Anakronikliği bir yana, Çözüm Süreci’ne ve Suriye meselesinin seyrüseferine çarpık bir bakışı yansıtması bakımından da bence sorunlu bir cümle.
***
Çözüm Süreci olmasaydı da hendek terörü olurdu; ama Çözüm Süreci olmasaydı hendek terörü kitlesel destekten mahrum kalmazdı. AK Parti iktidarında yepyeni bir hal alan devlet, Kürt Açılımı ve Çözüm Süreci ile, eski devlet olmadığını, Kürtlerin gasp edilmiş haklarını iade etmeye ve geçmişte Kürtlere reva görülen mezalimin oluşturduğu toplumsal zemin üzerinde yükselen terörü barışçıl bir siyasetle sona erdirmeye ve yepyeni bir sayfa açmaya azmettiğini en ufak bir şüpheye mahal bırakmayacak şekilde ortaya koyarak, bu uğurda riskler alarak, Çözüm Süreci boyunca -bir çuval inciri berbat etmemek için- PKK’nın bazı tahriklerini görmezden de gelerek “Devlet daha ne yapsın? Gözünüze dizinize dursun!” dedirtmeseydi, “Vur gerilla vur!” diye haykıran on binlerin desteğiyle derinleşirdi o hendekler. Ama ne oldu? Geçmişte “Vur gerilla vur!” diye haykıran kitleler, Çözüm Süreci’nde iyi niyetini gördükleri devletin ihanete uğramasını içlerine sindiremediler ve PKK’nın “halk savaşı” çağrısını cevapsız bıraktılar. O gün bugündür de PKK terörüyle mücadele hatırı sayılır derecede kitlesel bir muhalefetle karşılaşmadan yürüyor. Güvenlik güçleri terörle mücadele yolunda sivil kalabalıklarla muhatap olmak durumunda kalmıyor. Bunda, mücadelenin eski dönemlerden farklı olarak genellikle meşruiyet dairesi içinde kalınarak yürütülmesinin de büyük payı var.
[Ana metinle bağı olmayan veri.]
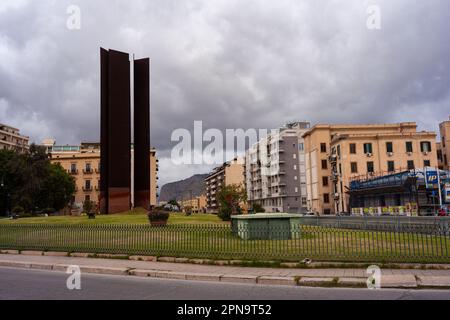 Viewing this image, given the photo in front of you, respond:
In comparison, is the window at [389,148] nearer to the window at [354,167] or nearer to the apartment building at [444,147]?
the window at [354,167]

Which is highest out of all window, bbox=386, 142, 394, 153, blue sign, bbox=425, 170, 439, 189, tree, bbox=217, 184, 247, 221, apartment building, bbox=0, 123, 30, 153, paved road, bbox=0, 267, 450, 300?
apartment building, bbox=0, 123, 30, 153

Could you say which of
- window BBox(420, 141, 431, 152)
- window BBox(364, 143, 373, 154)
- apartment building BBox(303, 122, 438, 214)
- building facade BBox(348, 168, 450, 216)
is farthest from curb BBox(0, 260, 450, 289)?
window BBox(420, 141, 431, 152)

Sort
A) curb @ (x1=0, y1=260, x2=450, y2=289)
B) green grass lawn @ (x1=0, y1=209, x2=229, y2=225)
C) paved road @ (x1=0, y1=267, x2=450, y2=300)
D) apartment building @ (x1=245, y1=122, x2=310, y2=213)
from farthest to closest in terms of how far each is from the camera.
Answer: apartment building @ (x1=245, y1=122, x2=310, y2=213)
green grass lawn @ (x1=0, y1=209, x2=229, y2=225)
curb @ (x1=0, y1=260, x2=450, y2=289)
paved road @ (x1=0, y1=267, x2=450, y2=300)

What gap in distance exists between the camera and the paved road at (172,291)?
8.95 m

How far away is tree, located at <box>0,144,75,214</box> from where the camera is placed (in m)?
68.4

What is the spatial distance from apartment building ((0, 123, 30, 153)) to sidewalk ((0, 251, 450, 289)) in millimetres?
100103

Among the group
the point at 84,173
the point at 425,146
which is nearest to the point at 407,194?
the point at 425,146

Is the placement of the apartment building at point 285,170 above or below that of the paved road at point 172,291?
above

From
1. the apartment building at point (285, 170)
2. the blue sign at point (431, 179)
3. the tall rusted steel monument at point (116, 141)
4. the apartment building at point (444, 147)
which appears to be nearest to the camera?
the tall rusted steel monument at point (116, 141)

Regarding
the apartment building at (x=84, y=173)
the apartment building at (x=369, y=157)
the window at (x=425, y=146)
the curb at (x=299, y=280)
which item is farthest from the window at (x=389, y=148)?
the curb at (x=299, y=280)

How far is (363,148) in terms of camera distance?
7219cm

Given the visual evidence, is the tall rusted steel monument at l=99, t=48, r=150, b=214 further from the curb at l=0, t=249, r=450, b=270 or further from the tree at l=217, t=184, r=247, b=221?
the curb at l=0, t=249, r=450, b=270

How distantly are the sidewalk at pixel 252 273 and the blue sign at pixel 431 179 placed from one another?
45.5 metres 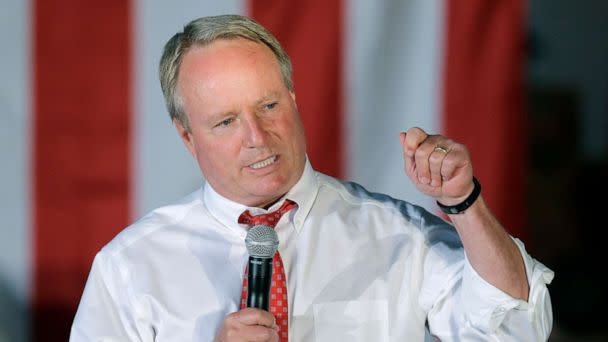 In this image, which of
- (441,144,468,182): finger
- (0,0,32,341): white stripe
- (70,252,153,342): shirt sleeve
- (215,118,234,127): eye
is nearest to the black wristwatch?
(441,144,468,182): finger

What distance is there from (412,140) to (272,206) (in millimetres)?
379

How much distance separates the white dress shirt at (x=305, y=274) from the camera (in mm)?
1367

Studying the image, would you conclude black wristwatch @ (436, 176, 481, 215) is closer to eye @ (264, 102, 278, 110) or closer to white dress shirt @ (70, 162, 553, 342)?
white dress shirt @ (70, 162, 553, 342)

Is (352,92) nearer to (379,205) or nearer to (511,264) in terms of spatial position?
(379,205)

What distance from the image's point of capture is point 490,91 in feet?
6.95

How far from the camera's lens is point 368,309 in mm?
1374

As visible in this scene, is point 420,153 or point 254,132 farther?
point 254,132

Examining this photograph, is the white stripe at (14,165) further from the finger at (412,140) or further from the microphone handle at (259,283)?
the finger at (412,140)

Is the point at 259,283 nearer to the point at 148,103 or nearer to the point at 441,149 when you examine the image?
the point at 441,149

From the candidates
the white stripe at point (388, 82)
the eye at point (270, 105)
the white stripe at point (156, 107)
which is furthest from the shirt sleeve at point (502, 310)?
the white stripe at point (156, 107)

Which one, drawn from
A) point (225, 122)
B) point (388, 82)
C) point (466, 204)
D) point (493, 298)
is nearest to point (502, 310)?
point (493, 298)

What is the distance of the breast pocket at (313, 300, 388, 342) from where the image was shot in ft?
4.49

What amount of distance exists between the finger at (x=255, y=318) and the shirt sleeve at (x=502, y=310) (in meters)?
0.29

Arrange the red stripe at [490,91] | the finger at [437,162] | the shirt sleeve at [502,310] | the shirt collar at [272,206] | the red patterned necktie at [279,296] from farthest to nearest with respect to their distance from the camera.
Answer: the red stripe at [490,91]
the shirt collar at [272,206]
the red patterned necktie at [279,296]
the shirt sleeve at [502,310]
the finger at [437,162] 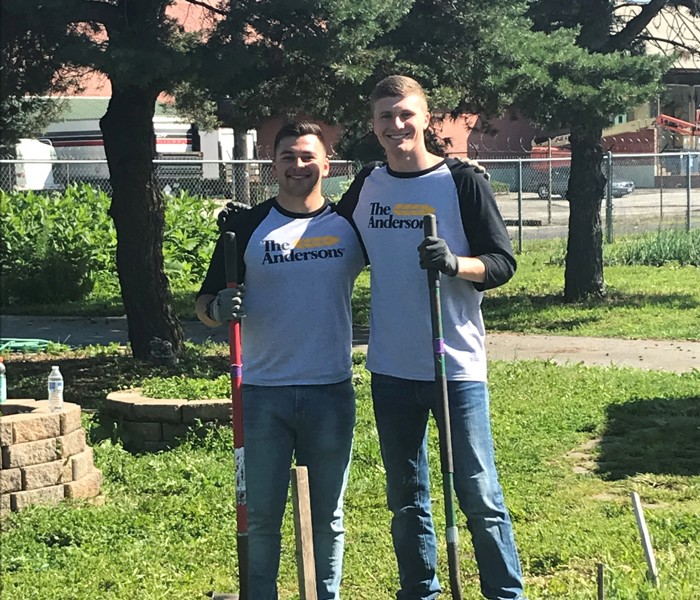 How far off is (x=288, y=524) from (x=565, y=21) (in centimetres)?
992

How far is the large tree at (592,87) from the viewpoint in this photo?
1198 cm

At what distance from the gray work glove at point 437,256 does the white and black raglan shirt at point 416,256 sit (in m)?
0.21

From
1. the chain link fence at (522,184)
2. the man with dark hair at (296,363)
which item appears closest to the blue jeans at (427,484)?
the man with dark hair at (296,363)

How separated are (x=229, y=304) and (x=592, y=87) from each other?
892cm

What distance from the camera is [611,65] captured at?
12375 millimetres

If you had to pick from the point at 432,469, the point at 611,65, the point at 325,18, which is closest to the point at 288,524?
the point at 432,469

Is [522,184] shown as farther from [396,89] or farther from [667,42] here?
[396,89]

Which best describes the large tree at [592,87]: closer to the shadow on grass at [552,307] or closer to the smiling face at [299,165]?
the shadow on grass at [552,307]

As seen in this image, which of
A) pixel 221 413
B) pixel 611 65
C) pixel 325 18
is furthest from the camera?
pixel 611 65

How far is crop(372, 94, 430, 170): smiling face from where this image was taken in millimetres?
4141

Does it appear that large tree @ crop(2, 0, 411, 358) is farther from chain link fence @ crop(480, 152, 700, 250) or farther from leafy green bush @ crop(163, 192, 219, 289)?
chain link fence @ crop(480, 152, 700, 250)

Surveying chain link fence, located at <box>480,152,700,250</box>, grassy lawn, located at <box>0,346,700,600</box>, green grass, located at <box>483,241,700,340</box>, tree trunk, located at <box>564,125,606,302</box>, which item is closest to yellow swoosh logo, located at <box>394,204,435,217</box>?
grassy lawn, located at <box>0,346,700,600</box>

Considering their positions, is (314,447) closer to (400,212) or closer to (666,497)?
(400,212)

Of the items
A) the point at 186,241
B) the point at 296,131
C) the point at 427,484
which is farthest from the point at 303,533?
the point at 186,241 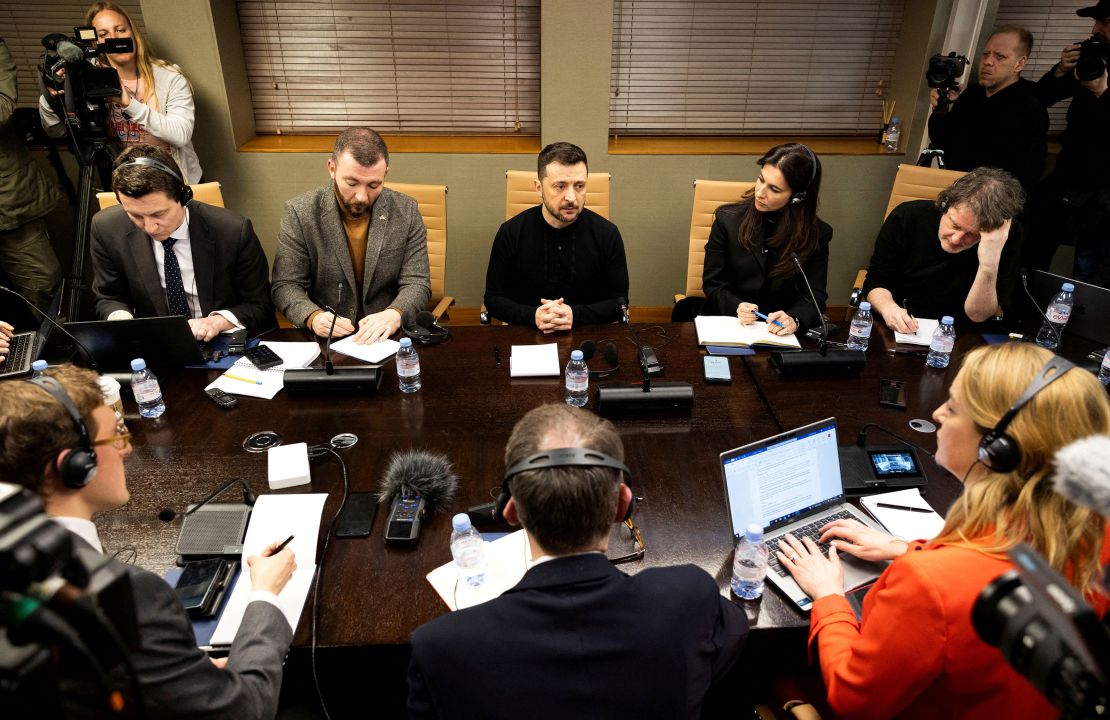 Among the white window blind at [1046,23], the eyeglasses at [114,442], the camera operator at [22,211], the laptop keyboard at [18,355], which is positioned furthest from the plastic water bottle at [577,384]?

Diyebilirsiniz ki, Çözüm Süreci yerine terörle topyekûn savaş olsaydı işler hendek terörüne kadar varmazdı… Gerçekten öyle mi acaba? Siyasete askerin hakim olduğu ve Çözüm Süreci’nin “Ç”sinin olmadığı 1980’li-90’lı yıllardaki topyekûn savaş, PKK tabanının genişlemesine ve terörün iyice beslenip büyümesine yol açmamış mıydı?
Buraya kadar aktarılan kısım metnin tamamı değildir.